This Strawberry Cake is perfectly sweet, delicious and grain free!
My Tiny Love celebrated her birthday last week. When her daddy and I asked her what she wanted to eat for her birthday dinner, she said, “Pink Cake!” I smiled, laughed and asked again {acknowledging that of course I would make her a pink cake}. This time, she said, “pink cake and pancakes!”
So that’s what we had … buttermilk pancakes, bacon and “pink cake.“
My little one loves strawberries … and pink. She’s been asking for this “pink cake” for months now, so I knew I had to make it happen.
To help make the cake a little more pink, I decided to add in a cooked beet {don’t worry, it doesn’t alter the flavor}. It helps add a little bit of natural coloring + helps add some moisture.

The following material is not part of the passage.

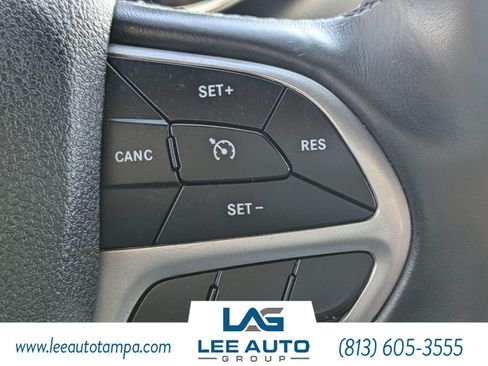 Used 2018 Jeep Grand Cherokee Altitude RWD image 24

I also wanted to make a cake with my new favorite flour, Otto’s cassava flour. I love that cassava flour is a resistant starch when eaten cool {resistant starch = prebiotics that feed probiotics + supports digestion and the gut}.

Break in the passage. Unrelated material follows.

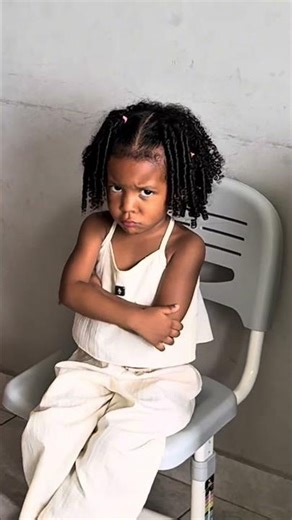 La prima se le come el helado a Isabella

Tiny Love wanted to have her cake first thing when she woke up, but it had to wait until the evening. She helped me make the whole cake. She stirred, helped measure the ingredients and stirred the batter using the hand held mixer – her favorite. When her sister got home from school, I made the frosting and they both enjoyed licking the beaters and having a spoonful of frosting before dinner. I may or may not have had a spoonful of frosting too!
This Strawberry Cake was a huge hit with my family. My husband {who always asks for vanilla cake for his birthday} said, “this year I want THIS for my birthday.” Success!
I frosted the cake with lots of homemade strawberry frosting and decorated the top in the shape of a heart with my favorite chopped up organic + fair trade chocolate bar.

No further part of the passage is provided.